"The ban effective for two seasons till December 2015, subject to a review, will mean losses of at least Rs.50-60 crores for Maharashtra farmers alone," Federation of Associations of Maharashtra president M.Gurnani told IANS.
The ban on Indian mangos and certain other vegetables ostensibly due to concerns over pests and insects, imposed last week by the EU's Standing Committee on Plant Health last week, has come at the start of the best crop of Alphonso mango which has started flooding the state markets since the middle of April.
"This ban, coupled with the recent crop losses due to inclement weather conditions in the state, will add further to the farming community woes... The centre must immediately intervene," said leading mango exporter Balasaheb Bhende.
Bhende said that since the past few days, the main wholesale mango markets in Navi Mumbai are being flooded with thousands of crates of the fruit, but with few takers.
"With demand suddenly falling and supply remaining steady, the prices have taken a sharp plunge, hitting the farming community," added Gurnani.
The Alphonso Mango, sold in the retail markets of Mumbai between Rs.800-1,400 per dozen, has now slid to less than half the price, depending on the size and quality.

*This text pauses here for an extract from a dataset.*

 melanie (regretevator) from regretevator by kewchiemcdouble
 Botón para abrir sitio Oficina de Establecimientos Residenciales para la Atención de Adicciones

An Agricultural and Processed Food Products Export Development Authority (APEDA) official said that on an average, India exports around 55,000 tonnes of mangos annually to various countries worth nearly Rs.2.75 billion.
The chief markets are the Arabian Gulf, Britain, Europe and US, besides smaller quantities consumed in many other countries where NRIs are based.
Bhende dismissed EU's reasons.
"We are already following the procedures as required by them and there has been no health problem for the past so many years. The reason is something else and the government must take immediate steps to get the ban revoked," he urged.
Alphonso Mango leads the pack of Indian mangos in great demand globally with Kesar, Totapuri and other varieties also enjoyed by NRIs and foreigners alike.